If you, your child, or another loved one developed methemoglobinemia after using a product containing benzocaine that resulted in hospitalization or death, we encourage you to contact us immediately.

An experienced Weitz & Luxenberg drug and medical device attorney can help you consider your legal options. Depending on your specific circumstances, you may be entitled to pursue compensation.

Benzocaine Can Cause Methemoglobinemia

Methemoglobinemia symptoms may include:

  • Pale, gray, or blue-tinted skin, lips, or nail beds (cyanosis).
  • Shortness of breath.
  • Fatigue.
  • Confusion.
  • Headache.
  • Lightheadedness.
  • Rapid heart rate (tachycardia).

It is possible for an adult, child, or infant to develop methemoglobinemia after using a product with benzocaine just once. This medical emergency can develop within minutes or up to several hours after using the product. (7)
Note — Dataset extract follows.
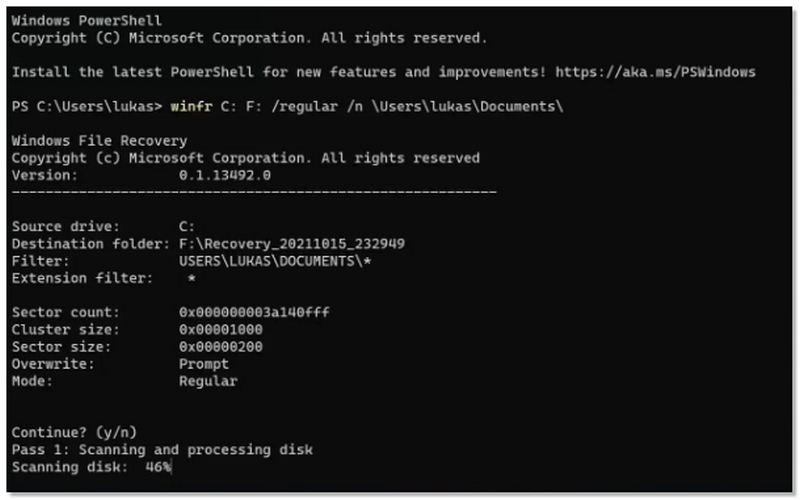 Ingrese el comando para recuperar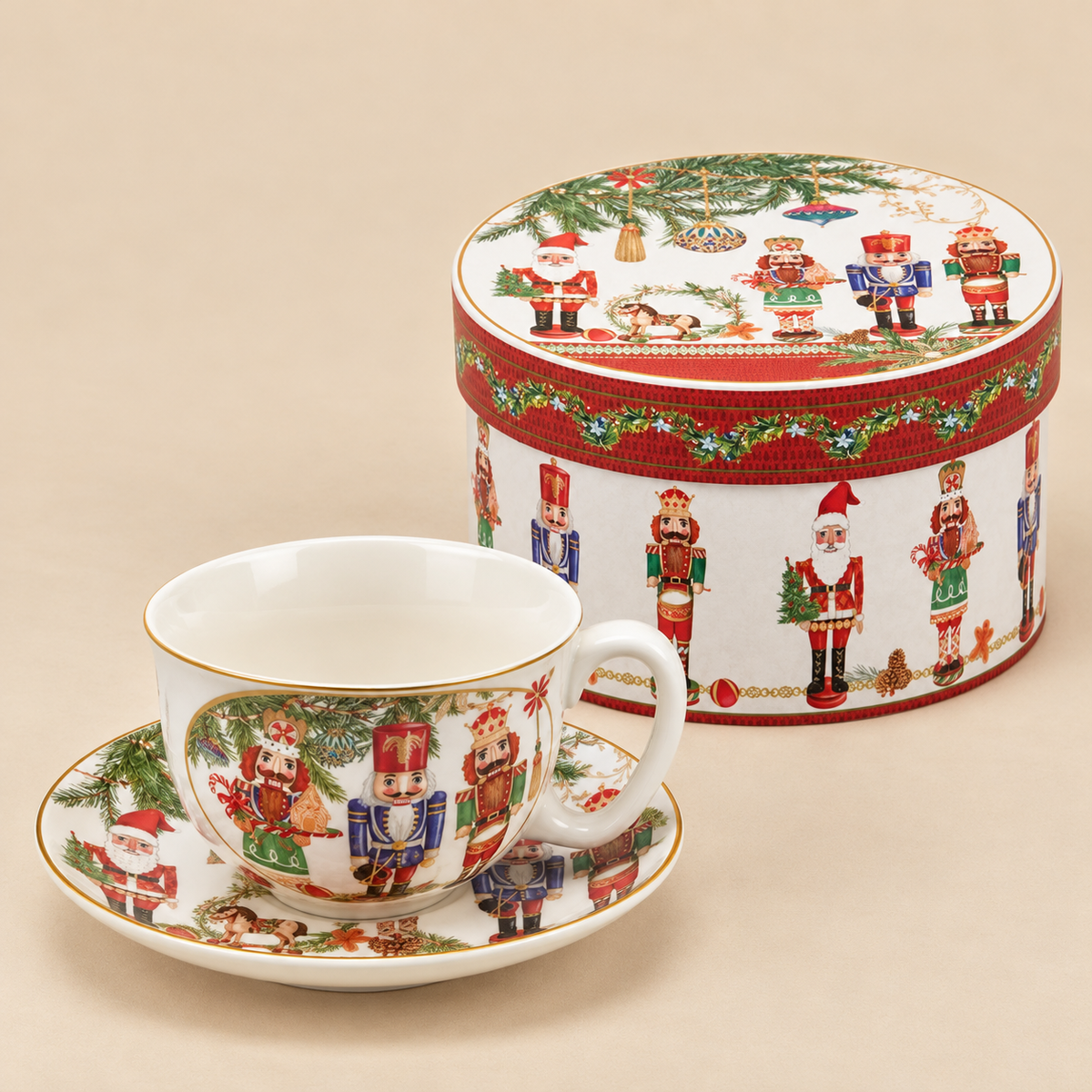 Tazza da Tè Natalizia EDG  Decoro Schiaccianoci e Babbo Natale Ø 15 x H 7 cm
These oral products, among others, contain benzocaine:

  • Anbesol.
  • Baby Anbesol.
  • Cepacol lozenges.
  • Cetacaine.
  • DenTek Instant Pain Relief.
  • Exactacain.
  • HurriCaine.
  • Orabase.
  • Orabrite Oral Pain Reliever.
  • Orajel.
  • Baby Orajel.
  • Topex.
  • Benzodent.
  • Store brand-name products, such as CVS Maximum Strength Oral Anesthetic Pain Relieving Liquid, or Walgreens Maximum Strength Instant Oral Pain Relief Gel, among others.
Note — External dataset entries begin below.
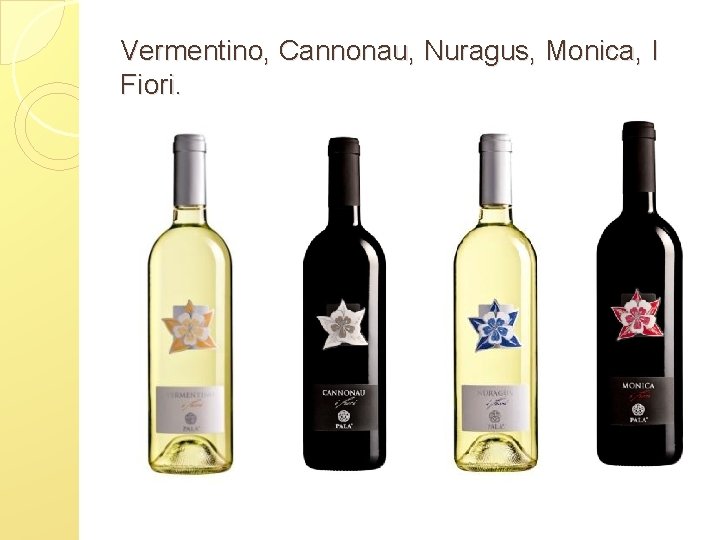 Vermentino, Cannonau, Nuragus, Monica, I Fiori. 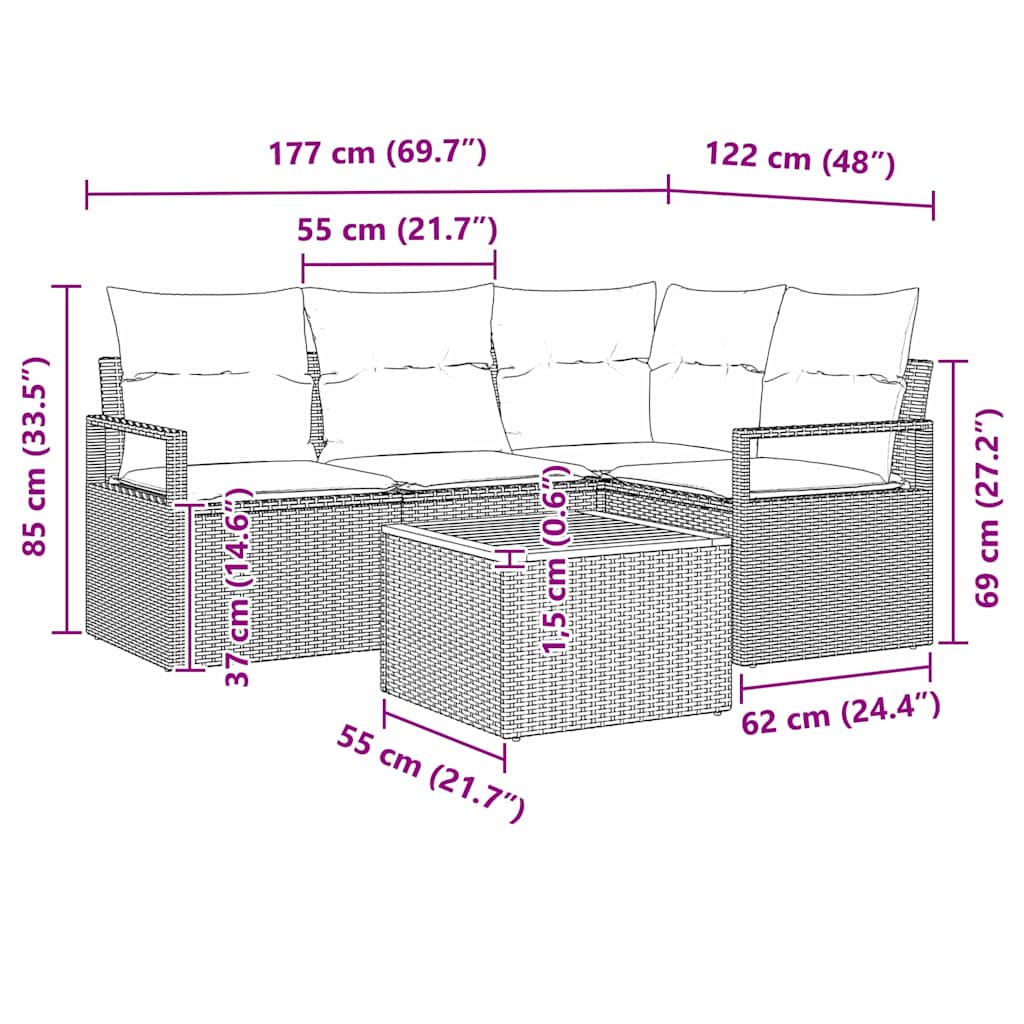 Havesofa Sæt 5 stk. Beige polyrattan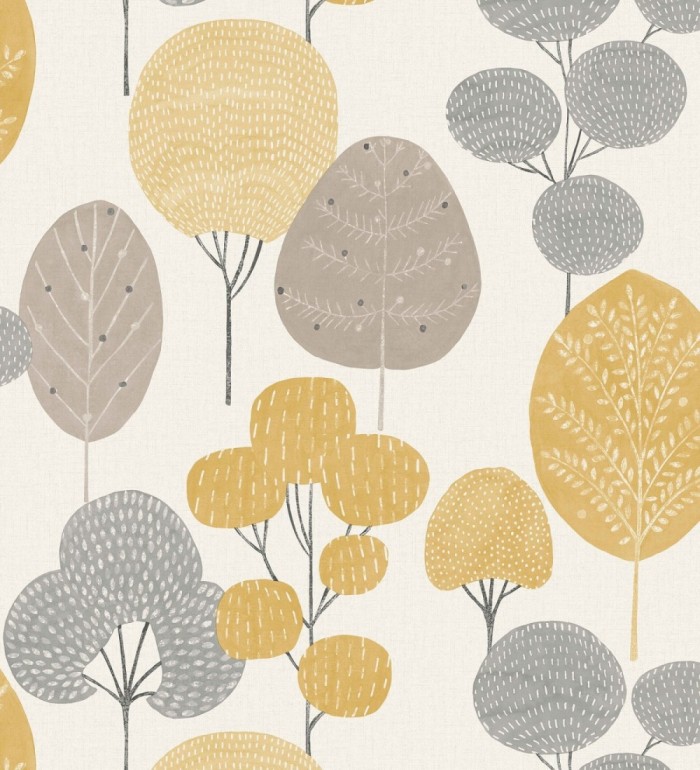 Papel pintado de árboles nórdicos tonos gris y mostaza - Memorial Park 680924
If you, your child, or another loved one used a benzocaine product and had to be hospitalized or died after developing symptoms of methemoglobinemia, we urge you to contact us for a free-of-charge consultation.

You can reach us by phone at (800) 476-6070 or online by completing the form on this page. One of our representatives will contact you shortly.

What Is Benzocaine?

Some topical products containing benzocaine are intended to relieve discomfort due to scrapes and insect bites. As a local anesthetic, benzocaine can numb the skin temporarily. (8)

Benzocaine can block nerve pain signals. As oral numbing agents, benzocaine can be found as gels, liquids, sprays, and lozenges. (9)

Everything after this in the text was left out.